By Gwen Rockwood, newspaper columnist and mama of 3
If you’re looking for one of those peppy New Year’s columns, turn the page now before I disappoint you. All this blank slate, turn-over-a-new-leaf, fresh start stuff is making me tired and the New Year isn’t even a week old.
Perhaps I’m sluggish from all the Christmas food, or maybe I’m like a grumpy bear guarding her hibernation period. I know I’m supposed to be revved up for the New Year and full of positive goals, self-discipline and determination. But I keep getting a tiny twinge of resentment every time I think about it.
There’s something about the New Year’s hype that insinuates that, for the past 12 months, we’ve all been a bunch of losers. And that this time around, we’ll do it right. We’ll put all those “should’s” and “could’s” into action and transform into entirely different people – more accomplished people with smoother skin, smaller waists, bigger bank accounts and a much more organized life.
But here’s the thing: I don’t think we failed in 2019. Although I didn’t get everything accomplished I’d hoped I would, I worked hard. I raised kids and paid bills and cleaned house and met deadlines. I tried to be good to my family and friends. And the thought of doing all those things again but ramping it up even more to satisfy the New Year’s quest of having a bigger, better, more successful year? It leaves me feeling a little overwhelmed before I even get started.
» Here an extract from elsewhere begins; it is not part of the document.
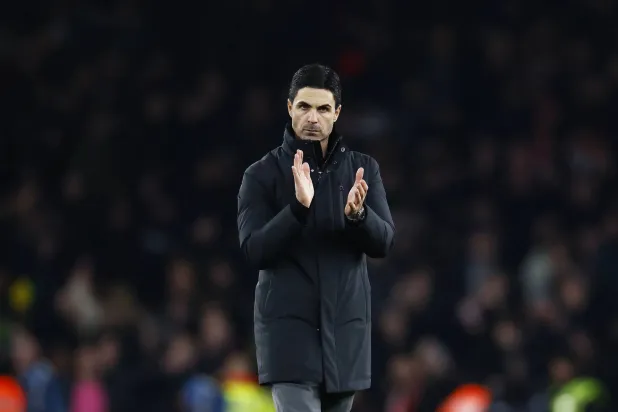 ميكيل أرتيتا المدير الفني لآرسنال (إ.ب.أ)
Somewhere inside me is this defensive voice saying, “I’m doing the best I can. And I’ll keep doing the best I can. But if I don’t climb a mountain or run a marathon or change the world in the next 12 months, I won’t beat myself up about it next January.”
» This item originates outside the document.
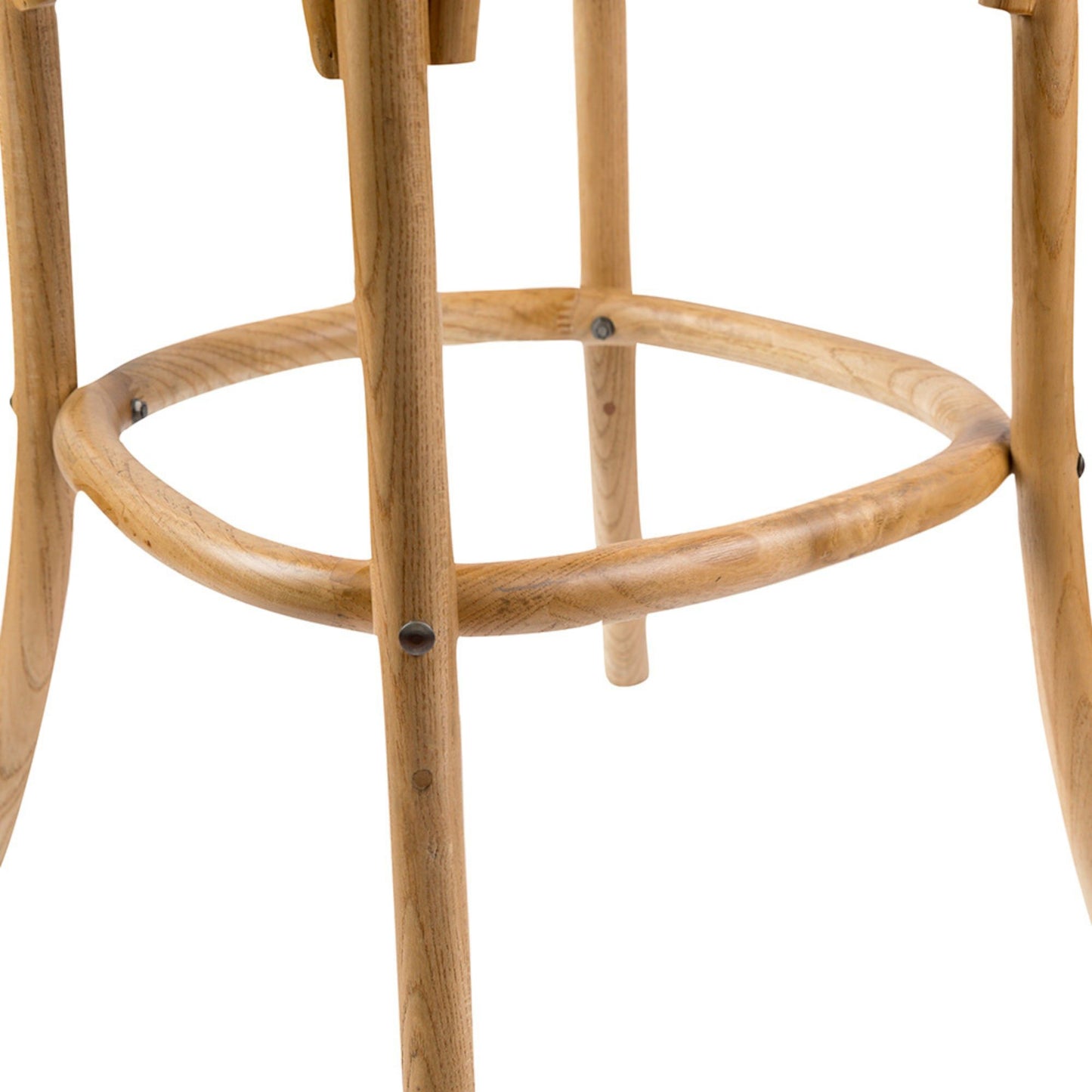 Aster Crossback Dining Chair and Bar Stool Set Solid Birch Timber Rattan Seat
Sure, there are things I could do better in the New Year. Eat better. Exercise more. Sleep more. Read more. Volunteer more. Procrastinate less. The list is long, and all the things on it are worthy of pursuit. But I don’t want to cram so many “to-do” lists and resolutions into the year that it ends up slipping by even quicker than the last one did. I want to enjoy my life without constantly demanding more from it.
Does that make me lazy or just content? Either way, we Americans aren’t big on being content. Part of what makes us who we are as a nation is our habit of constantly pushing forward – to do more, know more, create more. During this time of year, that restless energy to have it all reaches a fever pitch. Perhaps I just haven’t caught the fever yet.
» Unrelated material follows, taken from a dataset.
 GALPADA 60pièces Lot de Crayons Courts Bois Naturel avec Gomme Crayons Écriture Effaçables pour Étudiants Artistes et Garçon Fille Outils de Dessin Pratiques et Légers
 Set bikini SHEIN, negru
Because the truth is, if the New Year goes somewhat like the past year, that’s okay with me. Last year, my family was healthy and safe. Last year, my body – though not in its ideal shape or condition – worked just fine. It let me get up in the mornings, keep up with my kids and do my job. My house, despite the ways it could be better, was a great place to come home to, even when it didn’t look like a magazine layout.
So, if I somehow manage to do a few more things in 2020, that’s great. I’m going to work toward that. But if the New Year clicks along much like the last one, that’s okay, too. Because I don’t want to get so busy improving my life that I forget to live and enjoy it.